En el acceso al puente de Róntegui desde Leioa hay un intrigante letrero de la Diputación vizcaína con el siguientes texto: "Experimentación para la erradicación de plantas exóticas invasoras". Al parecer, el aviso se refiere a un intento para acabar con el plumero, carrizo o hierba de la Pampa, ese arbusto que llegó a Europa con fines ornamentales y que ahora coloniza, ajeno a los programas de exterminio, praderas, marismas y jardines.

Otra especie invasora que también ha llegado a nuestros confines y de cuyos peligros nos advierten esporádicamente los periódicos es el mejillón cebra, ese molusco con nombre de híbrido imposible salido del laboratorio de algún seguidor del doctor Moreau. Este animalito -azote de cañerías y turbinas hidráulicas- es originario de los mares Caspio y Negro, llegó a la desembocadura del Ebro en 2001 y ya lo tenemos en los embalses de Álava, siendo sólo cuestión de tiempo que alcance la vertiente cantábrica.

Siempre me he preguntado cuándo una planta deja de ser "exótica" y se convierte en "autóctona"

Últimamente, cada vez que los medios digitales publican una noticia sobre los -casi siempre infructuosos- intentos de acabar con estas especies colonizadoras, no faltan comentarios de anónimos lectores en los que invariablemente se comparan los problemas que causan estas variedades invasoras con los que, supuestamente, estarían provocando los inmigrantes.

Siempre me he preguntado cuándo una planta deja de ser "exótica" y se convierte en "autóctona". Al fin y al cabo, la alubia de Tolosa, la patata de Álava o el pimiento de Gernika fueron en el pasado géneros llegados de otro continente.

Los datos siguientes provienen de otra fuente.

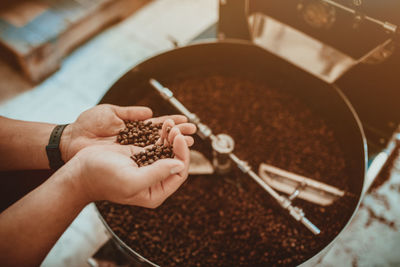 Cropped hands of man holding coffee beans while standing in shop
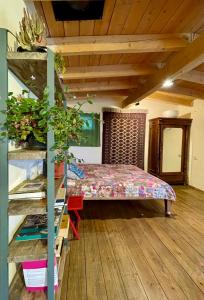 a room with a bed and a wooden floor at Cozy cottage in countryside close to Tbilisi in Dushetʼi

Si no llega a ser por la foránea cepa americana, resistente a la filoxera, ni siquiera existirían viñedos en España. Del mismo modo, me asalta la duda sobre qué debe ocurrir para que quien deja atrás su patria para buscar entre nosotros una vida mejor sea considerado un convecino más. ¿Tienen que pasar diez años, una generación, tener un hijo en el Athletic...?

Viene todo esto a cuento de algunas de las recientes medidas restrictivas que tanto desde Bruselas como desde Madrid se vienen adoptando en relación a los inmigrantes. El Parlamento Europeo abrió la veda con la vergonzante directiva que permite retener a los sin papeles durante 18 meses en centros de internamiento mientras se tramita su expulsión. Nuestro ministro Corbacho no va a la zaga en esta política de tolerancia cero con la inmigración. Primero fueron las dificultades para la reagrupación familiar de los trabajadores extranjeros. Ahora, con la excusa de la crisis, se les pone un puente de plata para que vuelvan a sus países de origen y no regresen a España (al menos en cinco años). En este contexto de mano de obra kleenex, de usar y expulsar, llama poderosamente la atención, nuevamente, la voz discordante de Ibarretxe, optimista impenitente, quien el pasado jueves aseguraba que Euskadi necesitará a corto plazo 90.000 nuevos inmigrantes. ¡Dios le oiga!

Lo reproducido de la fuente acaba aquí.